What the task asks
Print the lines below exactly as written, with none missing.

Given material
►

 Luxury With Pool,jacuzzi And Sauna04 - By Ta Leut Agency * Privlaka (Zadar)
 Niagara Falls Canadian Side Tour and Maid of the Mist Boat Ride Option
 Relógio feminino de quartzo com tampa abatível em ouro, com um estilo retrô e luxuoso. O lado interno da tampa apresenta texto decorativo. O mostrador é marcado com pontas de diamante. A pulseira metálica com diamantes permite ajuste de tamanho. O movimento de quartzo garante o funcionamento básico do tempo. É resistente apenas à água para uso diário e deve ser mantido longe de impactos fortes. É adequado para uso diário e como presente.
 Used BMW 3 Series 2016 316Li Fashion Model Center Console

◄

Solution to this problem
 Luxury With Pool,jacuzzi And Sauna04 - By Ta Leut Agency * Privlaka (Zadar)
 Niagara Falls Canadian Side Tour and Maid of the Mist Boat Ride Option
 Relógio feminino de quartzo com tampa abatível em ouro, com um estilo retrô e luxuoso. O lado interno da tampa apresenta texto decorativo. O mostrador é marcado com pontas de diamante. A pulseira metálica com diamantes permite ajuste de tamanho. O movimento de quartzo garante o funcionamento básico do tempo. É resistente apenas à água para uso diário e deve ser mantido longe de impactos fortes. É adequado para uso diário e como presente.
 Used BMW 3 Series 2016 316Li Fashion Model Center Console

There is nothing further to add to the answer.